Since 30 May 2012, Australia has an additional new e-bike category using the European Union model of a pedelec as per the CE EN15194 standard. This means the e-bike can have a motor of 250W of continuous rated power which can only be activated by pedalling (if above 6 km/h) and must cut out over 25 km/h - if so it is classed as a normal bicycle. The state of Victoria is the first to amend their local road rules to accommodate this new standard which came into effect on the 18th of September 2012.
Eight provinces of Canada allow electric power assisted bicycles. In all eight provinces, e-bikes are limited to 500 W output, and cannot travel faster than 32 km/h (20 mph) on motor power alone on level ground. In Alberta prior to July 1, 2009, the limits were 750 W and 35 km/h (22 mph), but presently match federal legislation. Age restrictions vary in Canada. All require an approved helmet. Regulations may or may not require an interlock to prevent use of power when the rider is not pedaling. Some versions (e.g., if capable of operating without pedaling) of e-bikes require drivers' licenses in some provinces and have age restrictions. Vehicle licenses and liability insurance are not required. Generally, they are considered vehicles (like motorcycles and pedal cycles), so are subject to the same rules of the road as regular bicycles. In some cases, regulatory requirements have been complicated by lobbying in respect of the Segway PT.
Bicycles assisted by a gasoline motor or other fuel are regulated differently from e-bikes. These are classified as motorcycles, regardless of the power output of the motor and maximum attainable speed.
Note that in Canada, the term "assist bicycle" is the technical term for an e-bike and "power-assisted bicycle" is used in the Canadian Federal Legislation, but is carefully defined to only apply to electric motor assist, and specifically excludes internal combustion engines (though this is not the case in the United States).
In China, e-bikes currently come under the same classification as bicycles and hence don't require a driver's license to operate. Previously it was required that users registered their bike in order to be recovered if stolen, although this has recently been abolished. Due to a recent rise in electric-bicycle-related accidents, caused mostly by inexperienced riders who ride on the wrong side of the road, run red lights, don't use headlights at night etc., the Chinese government plans to change the legal status of illegal bicycles so that vehicles with an unladen weight of 20 kg (44 lb) or more and a top speed of 30 km/h (19 mph) or more will require a motorcycle license to operate, while vehicles lighter than 20 kg (44 lb) and slower than 30 km/h can be ridden unlicensed. In the southern Chinese cities of Guangzhou, Dongguan and Shenzhen, e-bikes, like all motorcycles, are banned from certain downtown districts. There are also bans in place in small areas of Shanghai, Hangzhou and Beijing. Bans of "Scooter-Style Electric Bikes" (SSEB) were however cancelled and in Shenzhen e-bikes may be seen on the streets nowadays (2010–11).
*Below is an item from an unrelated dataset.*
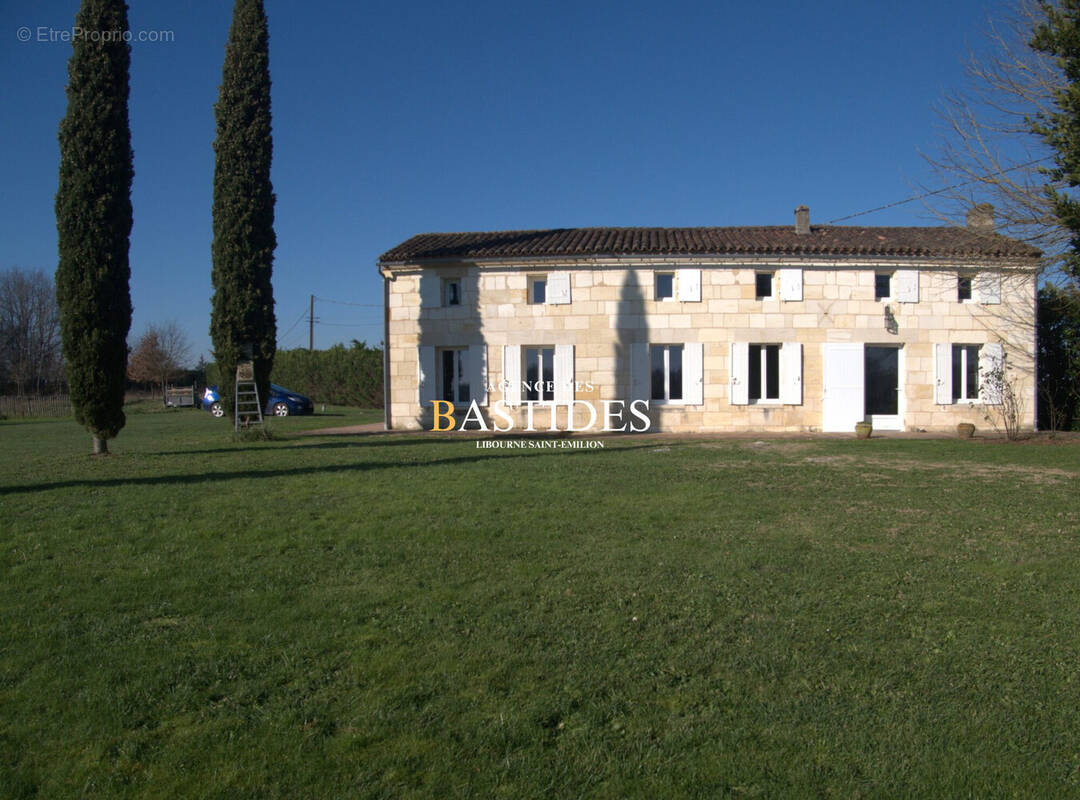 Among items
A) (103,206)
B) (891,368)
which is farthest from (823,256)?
(103,206)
European Union directive 2002/24/EC exempts vehicles with the following definition from type approval: "Cycles with pedal assistance which are equipped with an auxiliary electric motor having a maximum continuous rated power of 0.25 kW, of which the output is progressively reduced and finally cut off as the vehicle reaches a speed of 25 km/h (16 mph) or if the cyclist stops pedaling.” This is the de facto definition of an electrically assisted pedal cycle in the EU. As with all EU directives, individual member countries of the EU are left to implement the requirements in national legislation.
European product safety standard EN 15194 was published in 2009. The aim of EN 15194 is "to provide a standard for the assessment of electrically powered cycles of a type which are excluded from type approval by Directive 2002/24/EC".
Electric bicycles are not allowed in any public area, meaning an area where there is full or partial public access. Any kind of pedal assist, electric bike, scooter, moped or vehicle which has any form of propulsion, whether in full or as assist, other than human power, must be approved as either a car, motorcycle, van, truck, bus or similar. This makes tilt-controlled two-wheel personal vehicles, and pedelecs illegal in all practical ways, as they cannot be registered as a motor cycle.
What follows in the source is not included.